**** Task inputs ****

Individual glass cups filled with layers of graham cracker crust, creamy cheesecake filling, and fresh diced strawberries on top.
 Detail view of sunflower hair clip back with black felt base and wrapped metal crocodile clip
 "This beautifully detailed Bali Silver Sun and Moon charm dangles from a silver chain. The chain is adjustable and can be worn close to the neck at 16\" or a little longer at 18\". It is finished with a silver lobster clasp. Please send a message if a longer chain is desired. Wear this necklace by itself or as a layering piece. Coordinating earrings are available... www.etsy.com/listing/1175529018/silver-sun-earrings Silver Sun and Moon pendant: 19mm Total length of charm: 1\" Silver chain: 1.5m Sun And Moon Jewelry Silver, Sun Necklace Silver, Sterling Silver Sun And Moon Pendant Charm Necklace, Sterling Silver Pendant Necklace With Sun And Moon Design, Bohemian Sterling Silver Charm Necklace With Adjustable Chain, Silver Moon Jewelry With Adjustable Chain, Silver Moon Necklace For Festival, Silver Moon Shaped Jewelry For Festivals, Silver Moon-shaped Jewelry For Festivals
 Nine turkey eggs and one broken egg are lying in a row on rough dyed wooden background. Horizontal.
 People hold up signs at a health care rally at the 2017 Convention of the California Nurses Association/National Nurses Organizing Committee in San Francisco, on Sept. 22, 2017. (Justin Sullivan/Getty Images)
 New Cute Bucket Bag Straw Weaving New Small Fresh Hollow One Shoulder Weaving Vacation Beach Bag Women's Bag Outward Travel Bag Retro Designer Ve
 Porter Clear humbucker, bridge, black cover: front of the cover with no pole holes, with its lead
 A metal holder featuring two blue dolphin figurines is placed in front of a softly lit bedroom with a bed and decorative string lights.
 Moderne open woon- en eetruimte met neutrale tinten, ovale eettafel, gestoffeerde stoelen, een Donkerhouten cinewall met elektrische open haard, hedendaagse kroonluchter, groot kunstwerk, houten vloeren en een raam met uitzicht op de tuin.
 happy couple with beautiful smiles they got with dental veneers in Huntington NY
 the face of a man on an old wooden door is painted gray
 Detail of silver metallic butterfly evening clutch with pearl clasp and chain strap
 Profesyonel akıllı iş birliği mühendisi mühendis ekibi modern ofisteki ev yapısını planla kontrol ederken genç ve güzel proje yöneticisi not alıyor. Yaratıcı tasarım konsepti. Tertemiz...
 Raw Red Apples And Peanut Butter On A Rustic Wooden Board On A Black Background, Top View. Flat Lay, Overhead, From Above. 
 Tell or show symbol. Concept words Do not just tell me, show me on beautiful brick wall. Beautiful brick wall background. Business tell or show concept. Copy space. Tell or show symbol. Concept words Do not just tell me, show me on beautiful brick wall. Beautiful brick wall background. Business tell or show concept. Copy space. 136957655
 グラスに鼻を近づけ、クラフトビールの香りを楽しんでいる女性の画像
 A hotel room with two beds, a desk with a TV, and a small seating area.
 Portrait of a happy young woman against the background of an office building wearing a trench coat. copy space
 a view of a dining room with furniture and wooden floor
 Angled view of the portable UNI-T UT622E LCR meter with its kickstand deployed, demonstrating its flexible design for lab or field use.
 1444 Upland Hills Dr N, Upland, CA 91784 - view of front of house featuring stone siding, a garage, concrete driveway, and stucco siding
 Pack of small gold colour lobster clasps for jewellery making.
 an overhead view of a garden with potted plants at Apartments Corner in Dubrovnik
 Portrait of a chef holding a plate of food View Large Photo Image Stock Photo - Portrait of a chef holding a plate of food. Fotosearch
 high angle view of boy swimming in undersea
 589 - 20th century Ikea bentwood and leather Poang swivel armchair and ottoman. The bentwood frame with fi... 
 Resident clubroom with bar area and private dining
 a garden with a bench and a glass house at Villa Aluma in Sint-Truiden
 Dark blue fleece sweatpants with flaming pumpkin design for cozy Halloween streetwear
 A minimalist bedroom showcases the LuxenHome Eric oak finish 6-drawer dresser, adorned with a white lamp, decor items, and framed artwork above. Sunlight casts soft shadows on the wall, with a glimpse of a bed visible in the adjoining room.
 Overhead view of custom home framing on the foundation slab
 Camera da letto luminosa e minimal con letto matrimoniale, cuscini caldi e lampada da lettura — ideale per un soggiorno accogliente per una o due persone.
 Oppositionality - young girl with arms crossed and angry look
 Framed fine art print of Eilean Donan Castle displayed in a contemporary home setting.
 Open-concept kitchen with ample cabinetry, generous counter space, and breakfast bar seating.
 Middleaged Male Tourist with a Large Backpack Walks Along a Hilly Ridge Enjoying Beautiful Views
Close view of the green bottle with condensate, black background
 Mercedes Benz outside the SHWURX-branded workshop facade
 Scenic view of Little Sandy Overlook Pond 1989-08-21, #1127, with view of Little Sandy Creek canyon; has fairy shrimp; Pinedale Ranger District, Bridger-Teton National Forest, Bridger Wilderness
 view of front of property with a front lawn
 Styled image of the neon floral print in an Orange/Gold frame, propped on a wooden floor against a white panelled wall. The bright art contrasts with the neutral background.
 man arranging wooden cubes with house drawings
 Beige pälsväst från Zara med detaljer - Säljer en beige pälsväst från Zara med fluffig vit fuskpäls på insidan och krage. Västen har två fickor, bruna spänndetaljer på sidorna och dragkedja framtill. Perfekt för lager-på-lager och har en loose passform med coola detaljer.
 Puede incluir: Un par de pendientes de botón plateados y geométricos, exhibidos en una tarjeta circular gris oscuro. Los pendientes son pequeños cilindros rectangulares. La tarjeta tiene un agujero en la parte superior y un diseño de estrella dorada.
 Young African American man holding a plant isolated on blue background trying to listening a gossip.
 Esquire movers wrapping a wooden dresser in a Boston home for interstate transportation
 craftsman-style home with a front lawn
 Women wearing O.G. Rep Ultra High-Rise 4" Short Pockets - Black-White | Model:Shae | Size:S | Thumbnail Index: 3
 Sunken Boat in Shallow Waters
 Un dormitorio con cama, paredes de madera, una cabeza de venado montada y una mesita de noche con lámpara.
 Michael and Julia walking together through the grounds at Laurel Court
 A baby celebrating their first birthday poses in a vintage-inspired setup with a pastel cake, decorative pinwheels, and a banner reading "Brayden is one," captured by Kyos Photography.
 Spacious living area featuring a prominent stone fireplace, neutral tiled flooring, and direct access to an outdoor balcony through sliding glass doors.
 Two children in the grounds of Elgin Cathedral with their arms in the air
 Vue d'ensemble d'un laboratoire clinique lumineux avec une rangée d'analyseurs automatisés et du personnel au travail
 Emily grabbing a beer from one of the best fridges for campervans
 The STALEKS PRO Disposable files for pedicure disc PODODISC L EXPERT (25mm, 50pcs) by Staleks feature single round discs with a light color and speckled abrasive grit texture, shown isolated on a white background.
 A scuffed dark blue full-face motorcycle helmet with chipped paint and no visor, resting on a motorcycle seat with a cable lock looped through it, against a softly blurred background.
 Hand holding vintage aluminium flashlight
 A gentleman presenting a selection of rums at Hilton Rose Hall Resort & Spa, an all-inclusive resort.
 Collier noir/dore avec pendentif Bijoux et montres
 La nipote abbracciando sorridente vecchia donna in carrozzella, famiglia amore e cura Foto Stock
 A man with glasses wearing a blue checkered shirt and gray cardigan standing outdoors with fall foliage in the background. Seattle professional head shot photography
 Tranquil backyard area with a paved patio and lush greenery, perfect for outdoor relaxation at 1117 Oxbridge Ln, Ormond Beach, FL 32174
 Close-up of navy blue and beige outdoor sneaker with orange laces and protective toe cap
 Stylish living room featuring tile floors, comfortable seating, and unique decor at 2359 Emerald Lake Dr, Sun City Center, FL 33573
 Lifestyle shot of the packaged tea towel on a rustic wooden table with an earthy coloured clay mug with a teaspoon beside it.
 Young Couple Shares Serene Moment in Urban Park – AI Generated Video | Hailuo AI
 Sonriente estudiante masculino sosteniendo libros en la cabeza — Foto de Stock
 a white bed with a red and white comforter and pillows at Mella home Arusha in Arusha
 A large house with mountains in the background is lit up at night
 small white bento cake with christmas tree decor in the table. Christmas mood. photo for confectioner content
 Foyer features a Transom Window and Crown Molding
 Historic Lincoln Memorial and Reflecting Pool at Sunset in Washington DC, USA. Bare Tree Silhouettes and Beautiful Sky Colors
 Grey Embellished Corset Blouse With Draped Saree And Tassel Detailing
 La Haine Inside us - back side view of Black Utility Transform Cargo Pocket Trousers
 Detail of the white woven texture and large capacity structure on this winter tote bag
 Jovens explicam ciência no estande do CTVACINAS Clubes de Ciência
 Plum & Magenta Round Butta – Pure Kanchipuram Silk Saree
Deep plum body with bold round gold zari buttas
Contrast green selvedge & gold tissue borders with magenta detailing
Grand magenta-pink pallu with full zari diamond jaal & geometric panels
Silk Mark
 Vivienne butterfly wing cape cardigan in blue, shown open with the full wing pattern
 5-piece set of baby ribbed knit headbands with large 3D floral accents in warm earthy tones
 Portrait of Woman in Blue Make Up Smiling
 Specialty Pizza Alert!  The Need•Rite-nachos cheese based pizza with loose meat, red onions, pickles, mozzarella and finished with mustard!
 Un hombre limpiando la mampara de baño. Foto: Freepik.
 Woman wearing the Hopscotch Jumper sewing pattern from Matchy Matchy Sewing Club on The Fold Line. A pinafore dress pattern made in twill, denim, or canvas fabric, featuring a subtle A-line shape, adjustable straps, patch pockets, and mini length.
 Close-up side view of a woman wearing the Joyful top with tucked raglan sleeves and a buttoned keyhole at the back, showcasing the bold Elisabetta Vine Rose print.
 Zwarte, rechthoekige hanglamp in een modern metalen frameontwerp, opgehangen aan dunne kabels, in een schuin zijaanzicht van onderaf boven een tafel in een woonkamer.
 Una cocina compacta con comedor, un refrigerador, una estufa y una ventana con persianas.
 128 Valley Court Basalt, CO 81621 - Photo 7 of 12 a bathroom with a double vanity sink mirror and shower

****

Your objective:
From the entries above, extract only the lines running from the one containing "Framed fine art" through the one containing "Mercedes Benz outside", inclusive.

Reply:
 Framed fine art print of Eilean Donan Castle displayed in a contemporary home setting.
 Open-concept kitchen with ample cabinetry, generous counter space, and breakfast bar seating.
 Middleaged Male Tourist with a Large Backpack Walks Along a Hilly Ridge Enjoying Beautiful Views
Close view of the green bottle with condensate, black background
 Mercedes Benz outside the SHWURX-branded workshop facade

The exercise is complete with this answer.